Dark Harvest

DVD

*

Jeanie Cheek

Jessica Dunphy

R

90 mins

You know, I always have to wonder about a movie with an opening screen that is really nothing more than the computer box art. I've seen some truly creative opening menus, Jeepers Creepers 2 foremost among them, but I always have to wonder about a movie that can't get any more imaginative than to use its box art.

Dark Harvest, from prolific releaser Lions Gate Home Entertainment, starts off surprisingly well ... and accurately. Black-and-white pictures, newspaper shots, and a voiceover of Franklin D. Roosevelt discussing the Dust Bowl in the heartland.
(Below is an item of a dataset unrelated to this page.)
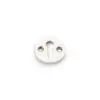 Alexander And Wilks Std Key Profile Round Escutcheon Polished Nickel AW380-PN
Carson County, West Virginia, is in the middle of a drought. But on one

farm, things are going surprisingly well. The corn is high and green. But the farm's owner seems to be having some trouble with the law, and we quickly discover just why his fields are doing so well. Seems this farmer irrigates his fields with human blood, and leaves the desiccated corpses hanging as scarecrows in his field. Justice comes to end his reign of agrarian terror, but not before he manages to kill the local sheriff.

Fast forward a few dozen years to the always amorphous time period known as "the present". Our blood-soaked farmer had a son, and now that the elder is dead, the son, Connell, has been deeded the family farm. You know, the one soaked in blood!

I can see this kid now, "Jeepers, pop! Thanks for leaving me the farm where you killed a whole bunch of people to use as dry wells!"

Our boy shows some sense. He has zero plans to go to see the house and land, believing it best to "let sleeping dogs lie". But, of course, we can't very

well do that or else there would be no movie. So Connell's girlfriend nags him into going, and they invite a few of their friends along for good measure.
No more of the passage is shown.